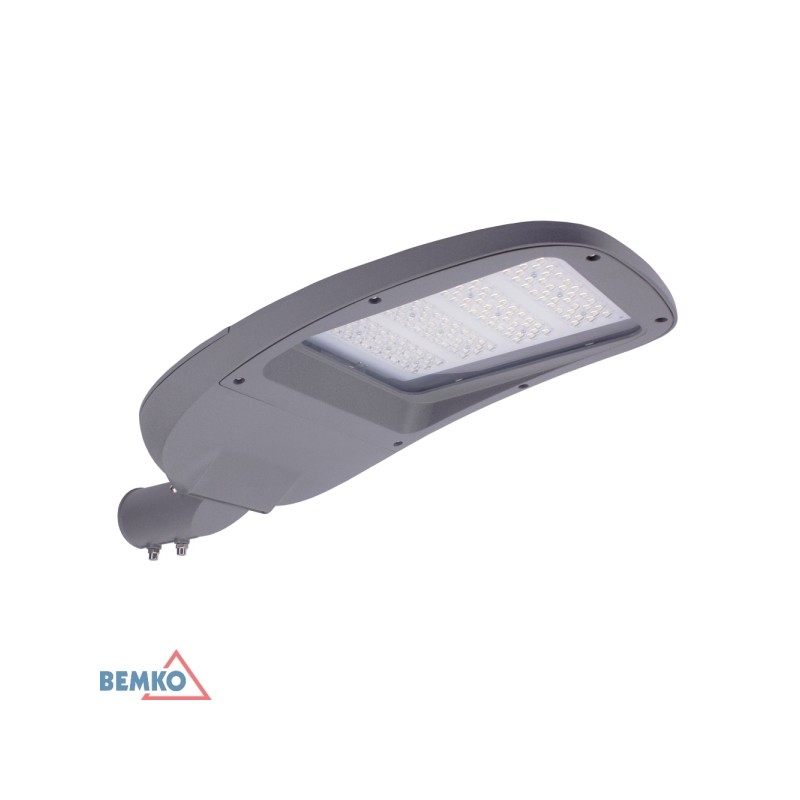 Oprawa uliczna LED JASPER 120W 6000K 15600LM IP66 szara |BEMKO| Elgra Bytom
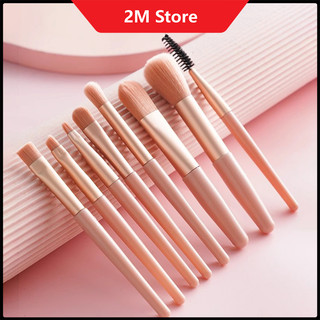 (CHỌN MÀU) Bộ 8 Cây Cọ Trang Điểm Mini Cao Cấp XIC40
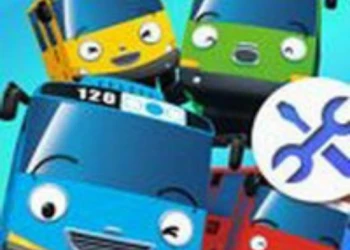 Play Fun Garage Station For Kids online for free at PlotyGames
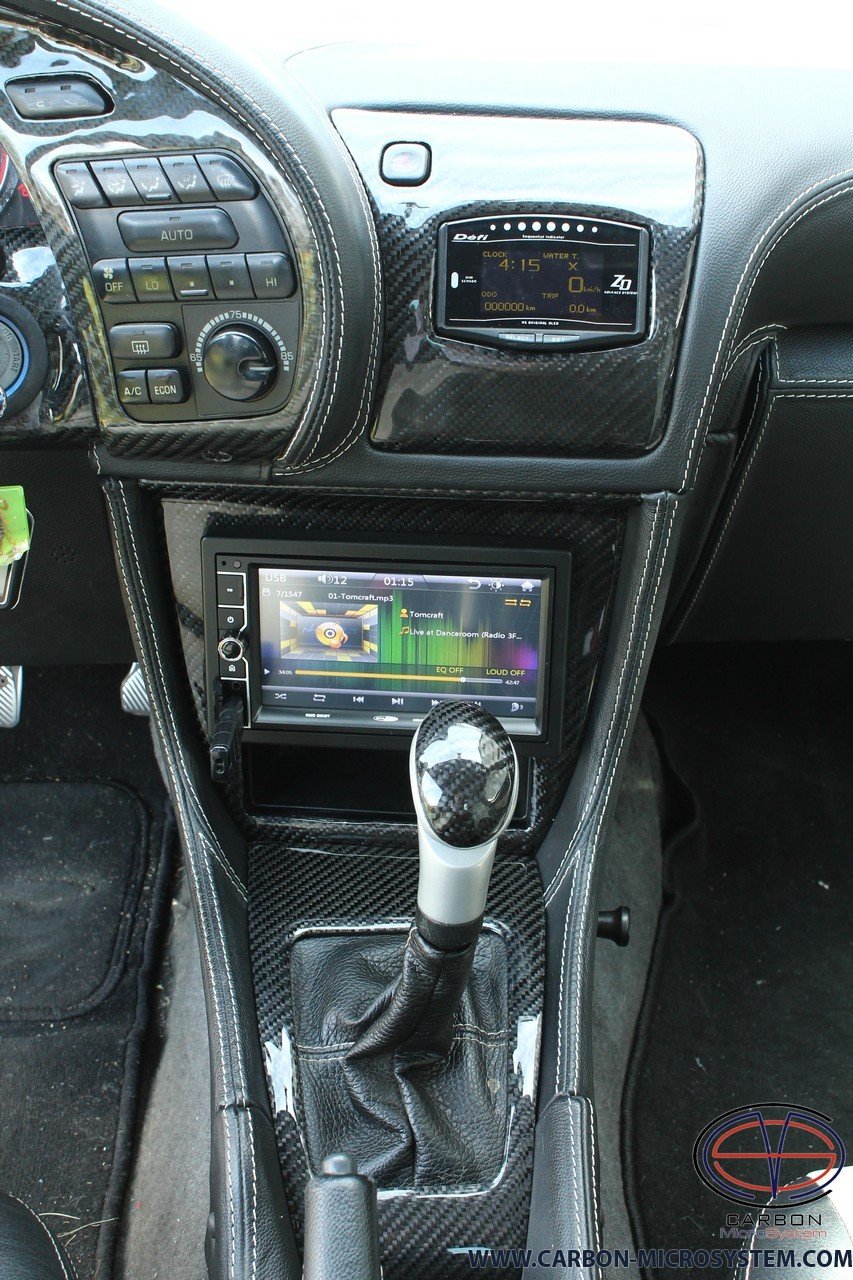 Carbon fiber Interior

▸ YOUR OBJECTIVE: Your task is to repeat, word for word and with no picture, every line from the one that contains "Play Fun Garage" through the last line of the data.

▸ SOLUTION:
 Play Fun Garage Station For Kids online for free at PlotyGames
 Carbon fiber Interior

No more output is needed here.